Virtio BoF minutes KVM Forum 2017
Attendees: Amnon Ilan, Maxime Coqueline, Vlad Yasevich, Malcolm Crossley,
David Vrabel, Ilya Lesokhin, Cunming Lian, Jens Freimann
Topics: packed ring layout with respect to hardware implementations
References:
https://lists.oasis-open.org/archives/virtio-dev/201702/msg00010.html
https://lists.oasis-open.org/archives/virtio-dev/201709/msg00013.html
Malcolm Crossley, David Vrabel:
- keep in mind not to only optimize for network with small frame sizes.
Storage has much larger sizes
- is there really no cacheline ping pong, because we are overwriting the same
cache line? 4 descs in one line, once we access two at the same time it will
cause cache coherency, messages, no?
- interesting quirk, because we flip a bit, but intel doesn't support writing
single bytes, it will always be a full dword. will that be a problem?
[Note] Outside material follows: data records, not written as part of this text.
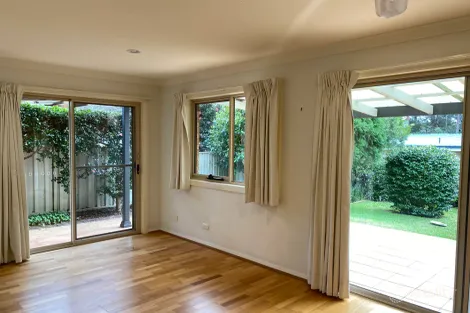 Property photo of 2/11 Cassia Place Ulladulla NSW 2539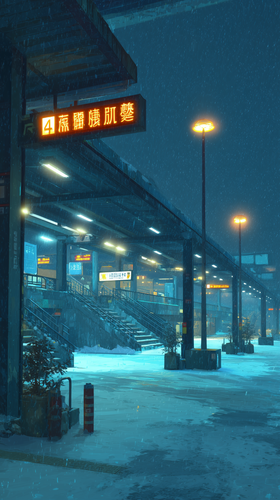 0 0 2026 01 20T190314.799.png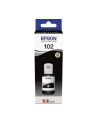 Epson ink black C13T03R140 - nr 26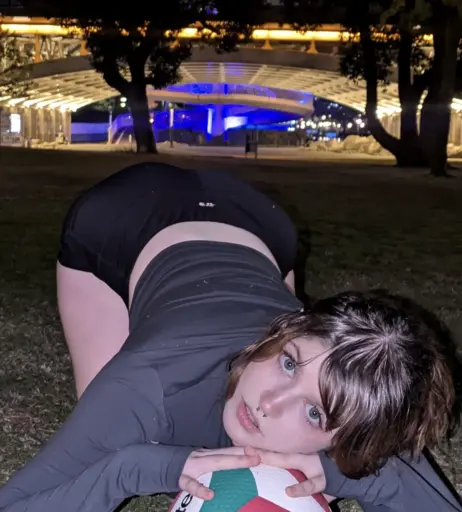 Image 4923834 from mylittlerobin | Robin Grey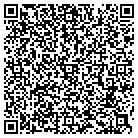 QR code with Northwest Rural Water District contacts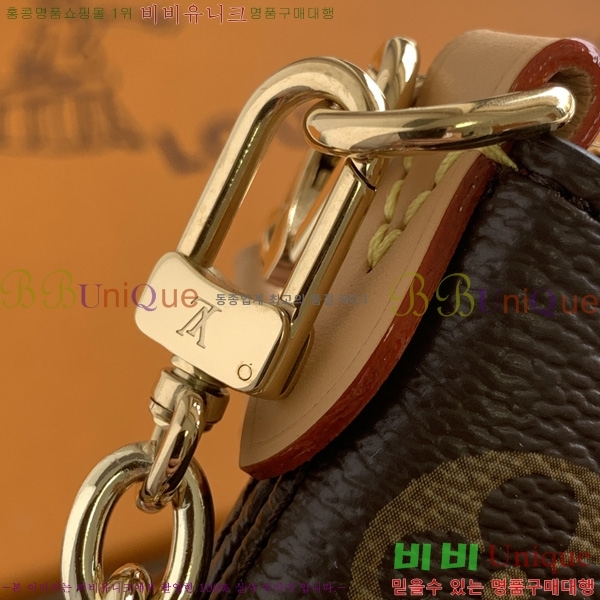 #̺ ̴ ׷ ҷδ  M25519-500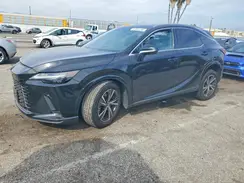 2T2BBMCA8RC031932 2024 LEXUS RX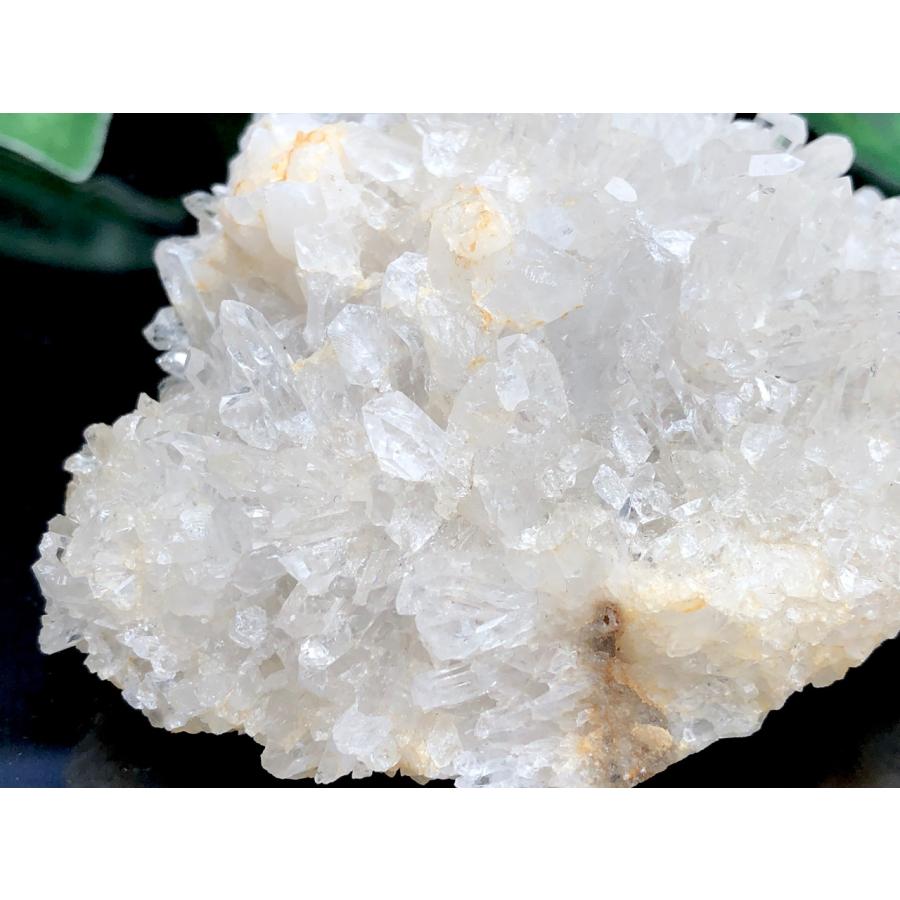 1点物】希少！菊花水晶☆浄化・インテリア☆中国四川省産/天然原石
- interesting to look into NVME protocols, it seems to solve some of the same
problems hardware-wise
- vmware vmxnet3 has a separate data ring for when they have bigger amounts of
data. not to copy, but still interesting
Steve:
- is the _MORE flag from packed ring layout proposal still in use? what is it's meaning?
Ilya:
- you might have more completions than descriptors available
- partial descriptor chains are a problem for hardware because you might have
to read a bunch of conscriptors twice
- how would you do deal with a big buffer that cointains a large number of
small packets with respect to completions?
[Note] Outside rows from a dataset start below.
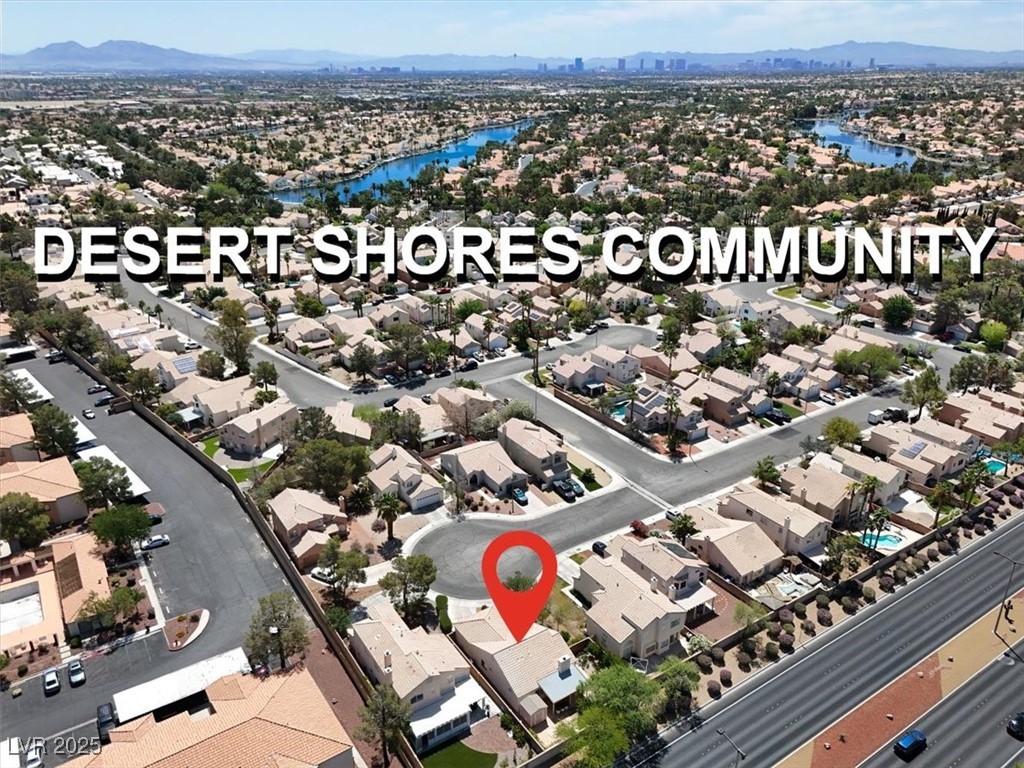 3053 Anchor Chain Drive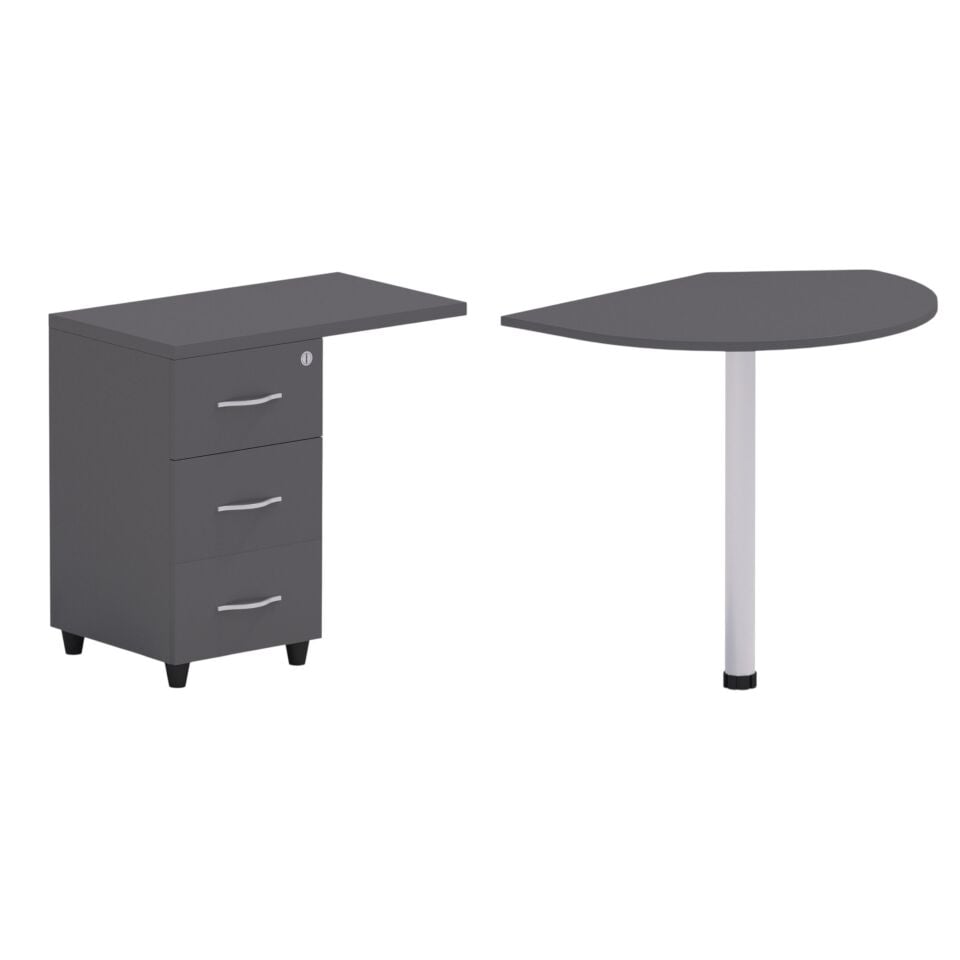 Favori Ara Yönetici Takımı Takımı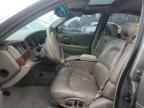 2000 Buick Lesabre Limited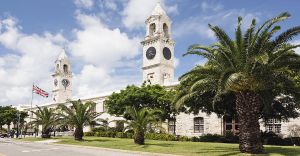 Excursii Optionale Royal Naval Dockyard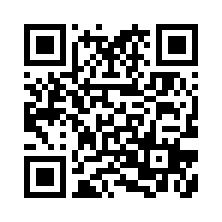 QR Code for 34jFuzcEX1fbYeZUpWsKqrbceCoMUFKufB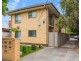 6/38 Sutton Terrace, Marleston SA 5033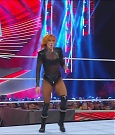 Filename=WWE_Monday_Night_Raw_2022_06_20_720p_HDTV_x264-NWCHD_mp4_000986352.jpg
Filesize=216KiB
Dimensions=1280x720
Date added=Jun 21, 2022 WWE_Monday_Night_Raw_2022_06_20_720p_HDTV_x264-NWCHD_mp4_000986352.jpg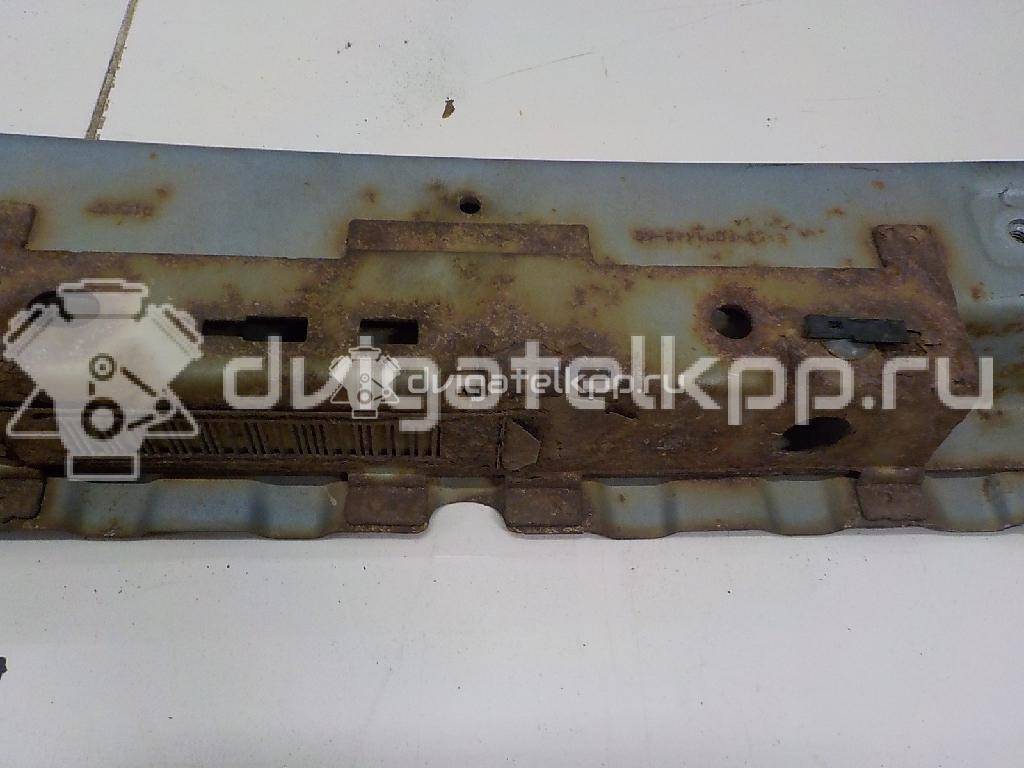 Фото Усилитель переднего бампера  1540638 для Ford Focus / Kuga / C-Max {forloop.counter}}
- is one bit for completion enough? right now it means descriptor was actually
used. how to we signal when it was completed?
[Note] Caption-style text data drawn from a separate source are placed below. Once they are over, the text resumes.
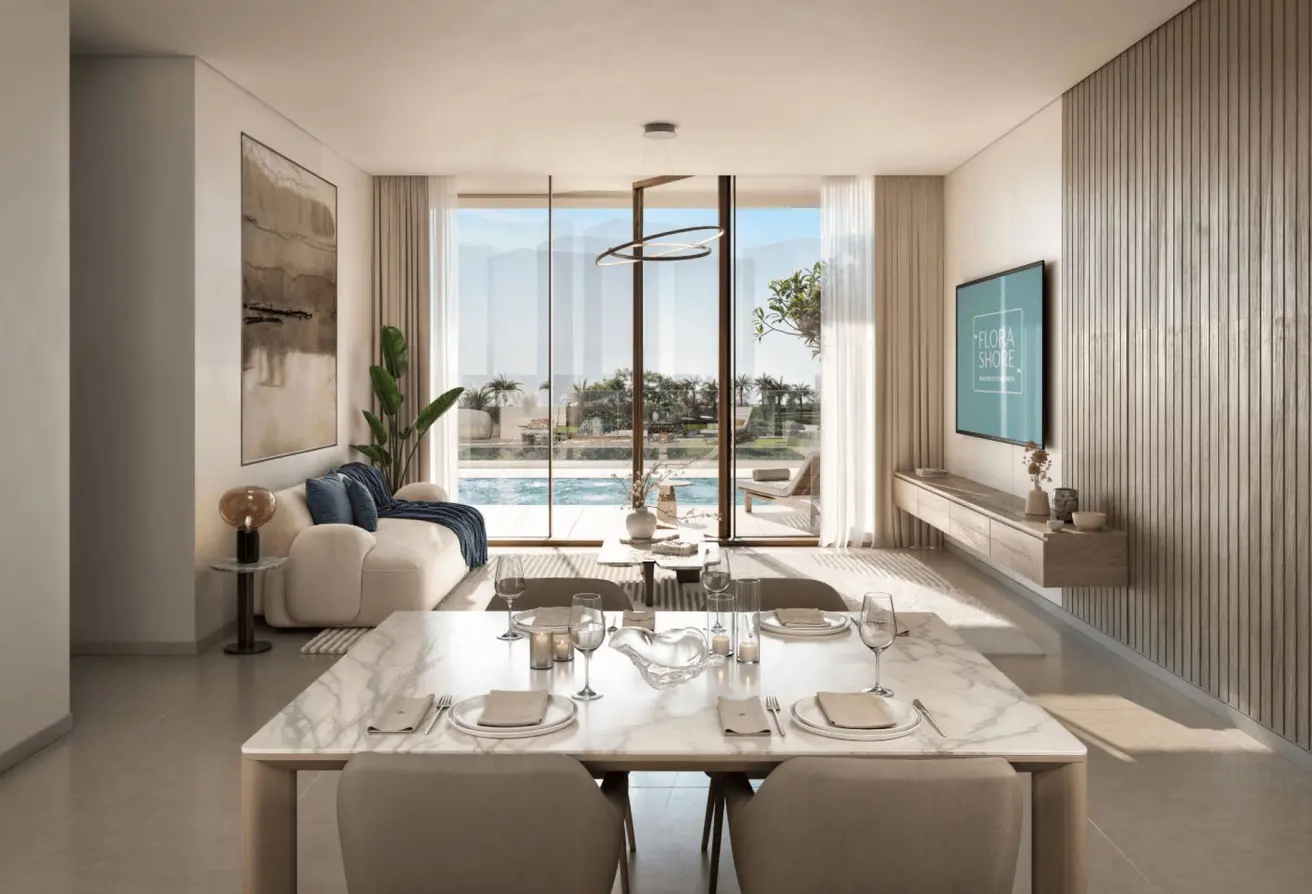 161411253 - Property Main Image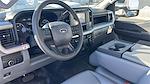 New 2024 Ford F-450 Regular Cab Dump Truck for sale #F24TS126 - photo 8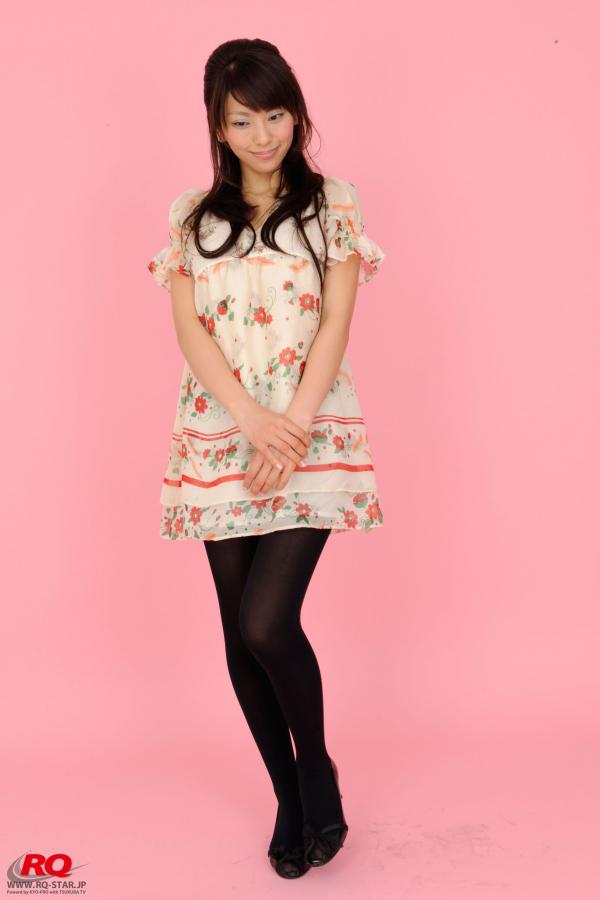 《年轻的护士2》在线观看视频-720P全集免费播放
- concerned about not being able to do scatter/gatter with the ring layout.
Network drivers heavily using indirect buffers.
- for a hardware implementation a completion ring is a very convenient form for
some use cases, so we want an efficient implementation for them. If we had an
inline descriptor then a completion ring is just a normal ring and we won't
need another ring type.
- doesn't like the fact that we need to do a linear scan to find the length of
a descriptor chain. It would be nice if we could have the length of the chain
in the first descriptor (i.e. the number of chained descriptors, not the number
of posted descriptors which can be deduced from the id field)
Vlad:
- there were discussions about having a bigger descriptor. then we would
have more space to put things like a vnet header into the descriptor. It would
also mean less conflicts with accessing the same cache line. (descriptors already
grew to 16 bytes, do we need more?)
- was playing around with the idea of different ring types for different devices
e.g. scsi, net. starting with generic information then comes protocol
specific data. Ilya agrees. length of descriptor would be flexibla by adding a
descriptor length field.
How to continue / TODOs:
- do benchmarking with bigger frame sizes on fast enough NICs
- turn prototype code into a RFC series (work in progress)
- more people interested to join monthly meetings
Open questions:
- Do we need an (optional) completion ring?
- Is there a situation where 4 descriptors in a cache line is a problem because
we access the same cache line, causing cache ping-pong?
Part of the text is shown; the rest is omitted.